Just my .02 on something that sort of got missed in the conversation up until annr. The value of the product the consumer is willing to pay always outranks MAP or SRP regardless of the evil empire pushing it. Think CRK or CPK versus Benchmade/Spyderco. Clearly suggested retail and MAP on the latter can be ludicrous compared to what the knives are really worth (and selling for). In the former case (if there even is MAP/SRP), the prices are close to the value and what you're getting for the price. This is the same reason the secondhand market CRK's are almost full price or higher, yet on the whole excluding sprints the latter brands are 25-50% off already used (or almost what they were worth in the first place).
Just because someone takes a $100 knife and says you can advertise it for sale less than $200, doesn't raise the value for the consumer and they find the discounts regardless when the $100 knife is priced credibly (discounted to what the price should have been).
MAP/SRP strategies only really work to protect brands and products (mostly high end and or luxury quality brands) that have inherent value to a loyal consumer as well as the manufacturer. They are used to ensure rogue operators don't randomly dilute brand value, but instead adhere and maintain brand messaging. These brands generally reward dealers with advertising or other money to cover dealer costs as a perk for supporting these strategies or take it away from rogue operators.
Mass market (Mid-Low end brands) product SRP/MAP strategies just insult the consumer by pretending something is more valuable to pay for manufacturer supply chain infrastructure costs. Department store national branded merchandise have done this for years yet one can still buy clothes in a department store cheaper than the materials, construction, labor, and transportation would appear to cost.

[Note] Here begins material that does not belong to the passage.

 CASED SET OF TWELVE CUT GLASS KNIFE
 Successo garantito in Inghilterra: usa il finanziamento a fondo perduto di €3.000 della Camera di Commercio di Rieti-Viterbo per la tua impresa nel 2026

As a buyer of mid-high end stuff, I haven't found MAP to affect me really at all and buy a good portion of my non-clothing toys from the 2nd hand market (Cars, Motorcycles, Guns/Knives, Computers, etc..). Spyderco Sprint PM2 pricing seems to be my only nemesis with annoyingly inconsistent pricing almost randomly set by dealers carrying exclusives or just a national release. Never know if the new release is $115, $145, $190, $225, or whatever. I won't loose sleep but annoying regardless.